Blog
How to Convert a Certificate of Analysis (CoA) to Excel — and Verify It's Right
2026-06-16
TL;DR: To convert a Certificate of Analysis (CoA) to Excel, you can re-key it by hand, run OCR/table extraction, use a generic document-AI tool, or use a purpose-built CoA extractor. The faster question is whether the extracted data is correct — right analytes, right units, right limits, and a pass/fail that actually matches the numbers. This guide walks through each method and how to verify the result before it lands in your spreadsheet, LIMS, or ERP.

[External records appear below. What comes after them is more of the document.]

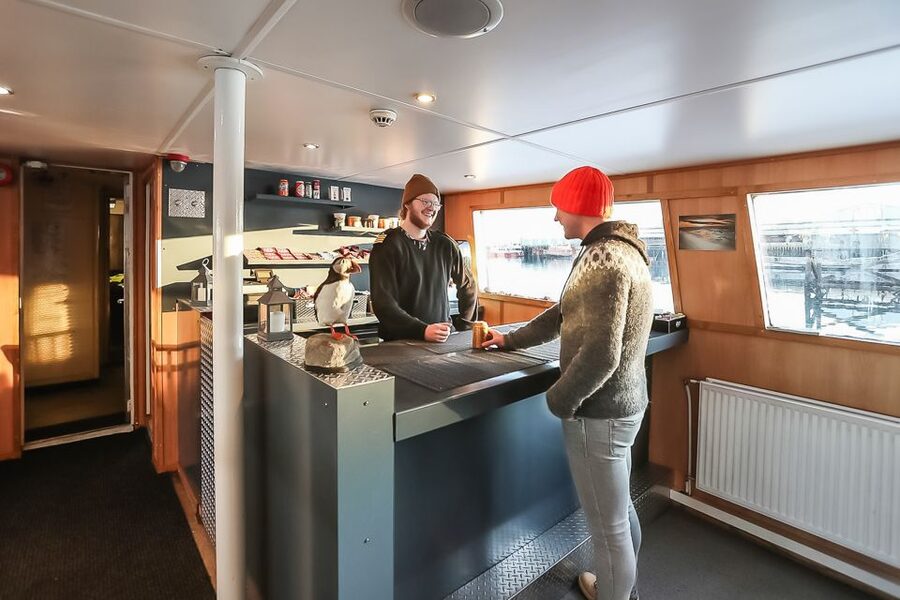 Reykjavík: Whale Watching and Marine Life Cruise - The cold is the main practical challenge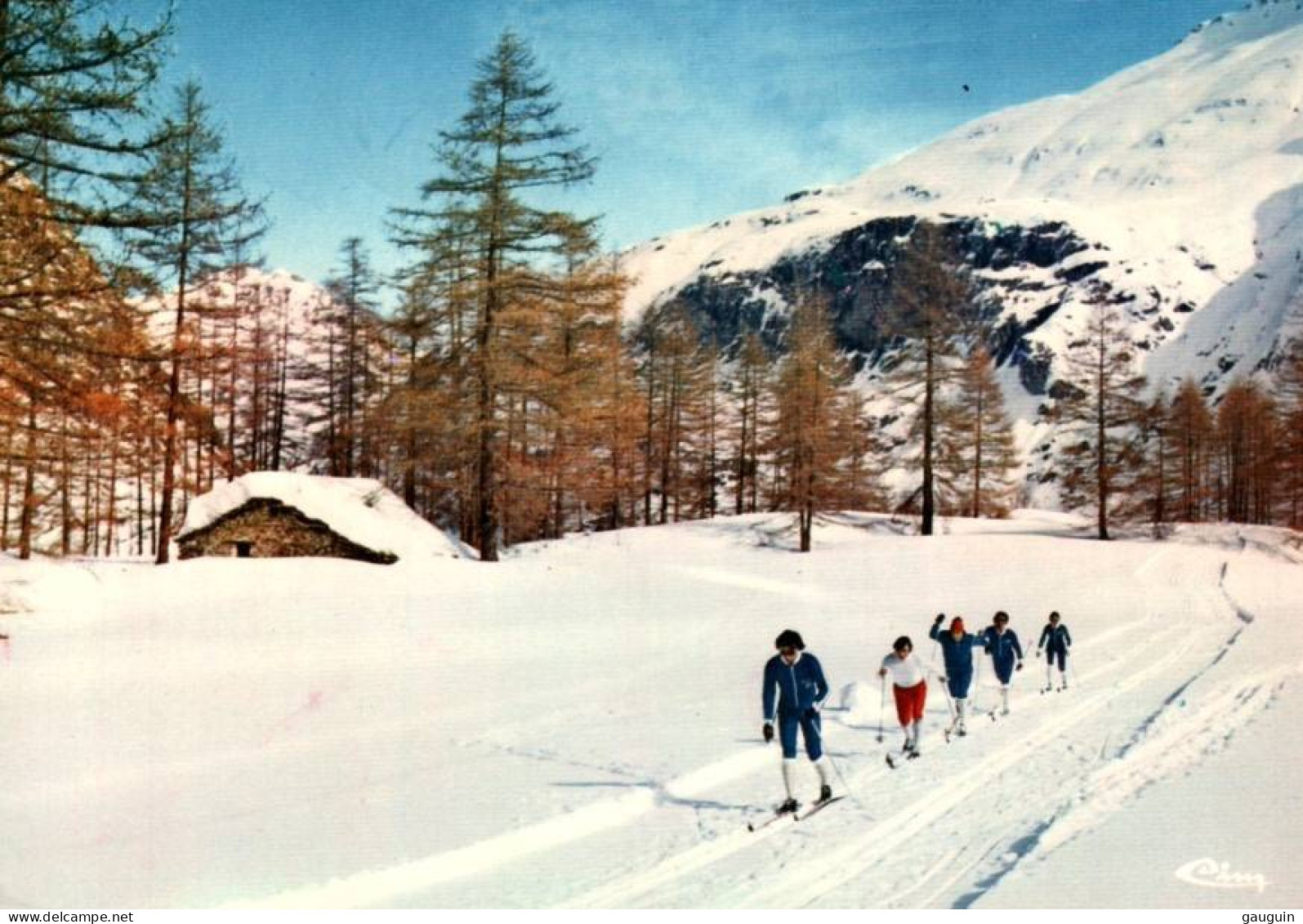 CPM - SKI De FOND - Pistes & Promenade En Forêt ... LOT 3 CP à Saisir - Deportes De Invierno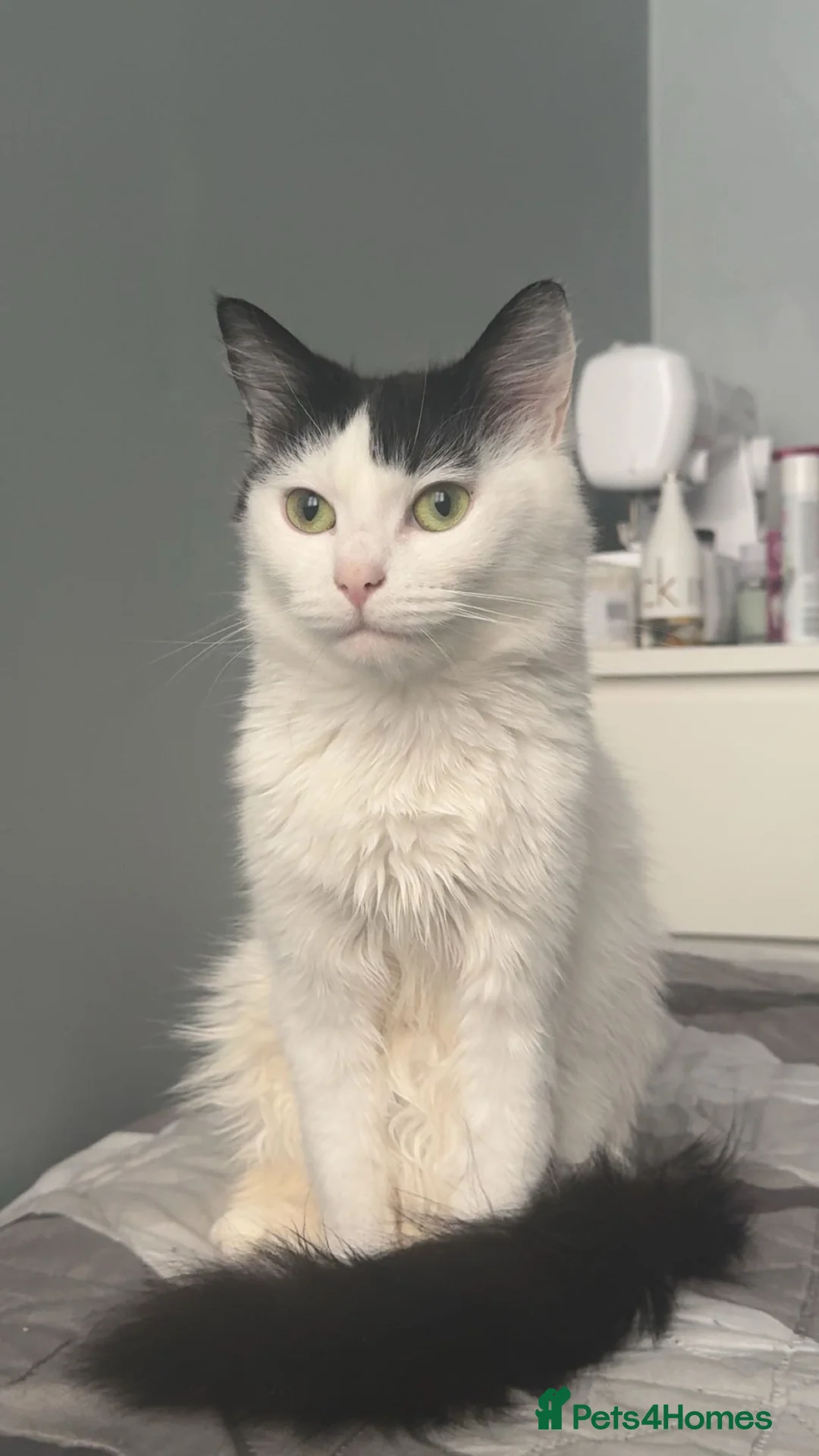 British Longhair cats for sale:  **   - Advert 1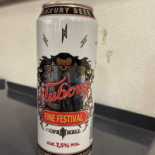 Copenhagen Backpackers Mad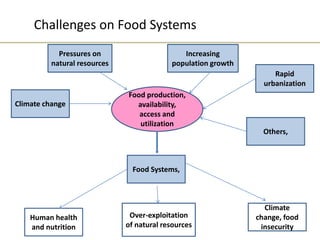 Food production,
availability,
access and
utilization
Pressures on
natural resources
Climate change
Others,
Rapid
urbanization
Increasing
population growth
Food Systems,
Human health
and nutrition
Climate
change, food
insecurity
Over-exploitation
of natural resources
Challenges on Food Systems
 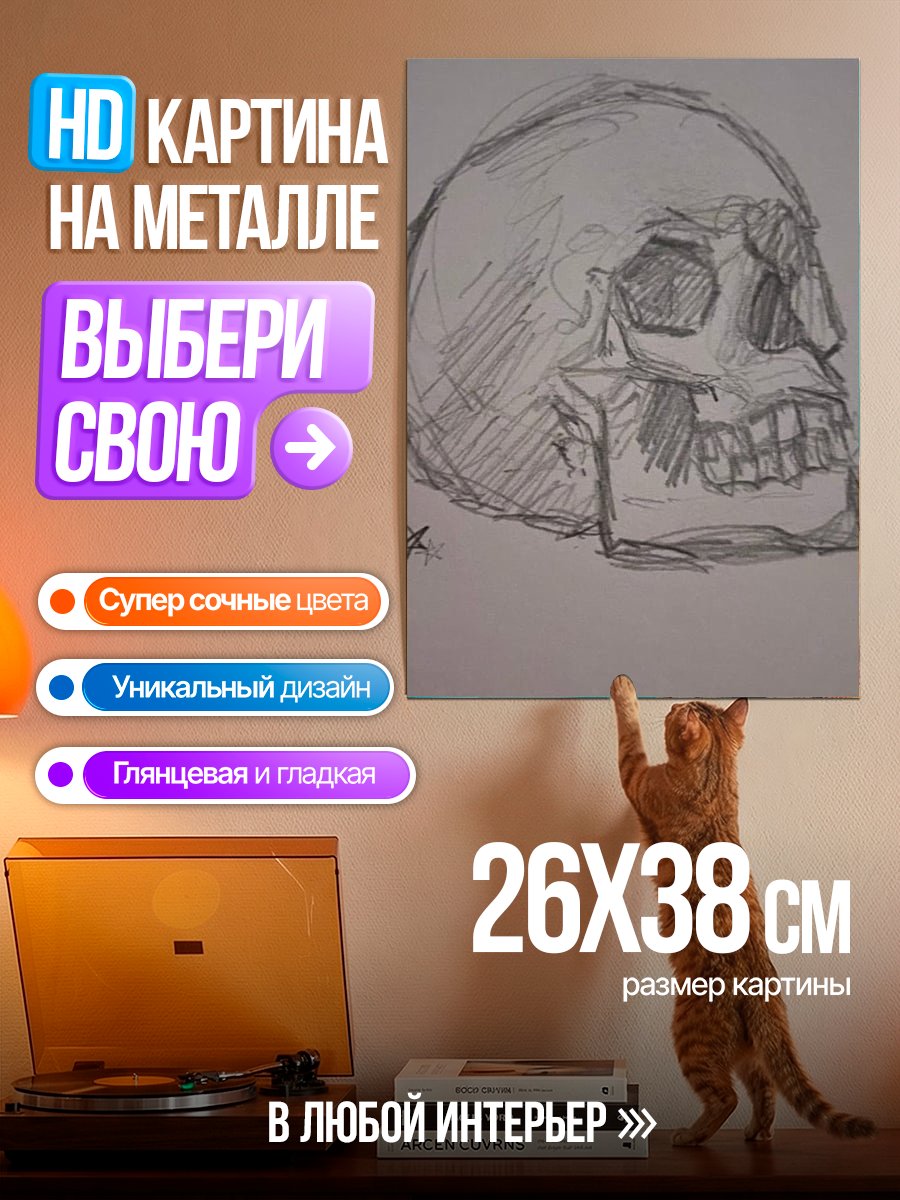 Картина на металле Набросок человеческого черепа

What is a Certificate of Analysis (CoA)? A Certificate of Analysis (CoA, also written COA) is a lab-issued, batch-specific document that lists each test (analyte), the measured result, the unit, the specification or limit, and a pass/fail verdict for a given lot of material. It’s the evidence used to accept, reject, hold, or release a product.
Why convert a CoA to Excel at all?
Because a PDF is a dead end. The moment you need to trend results across lots, compare a supplier’s numbers to your internal spec, file an audit record, or push data into a LIMS or ERP, you need structured rows and columns — not a scanned image. In large food and beverage manufacturers, receiving and checking a supplier CoA can happen over a million times a year and take 10–15 minutes each; for labs issuing CoAs, manual re-keying can run 30–90 minutes per document. Every one of those minutes is also an opportunity for a transcription error.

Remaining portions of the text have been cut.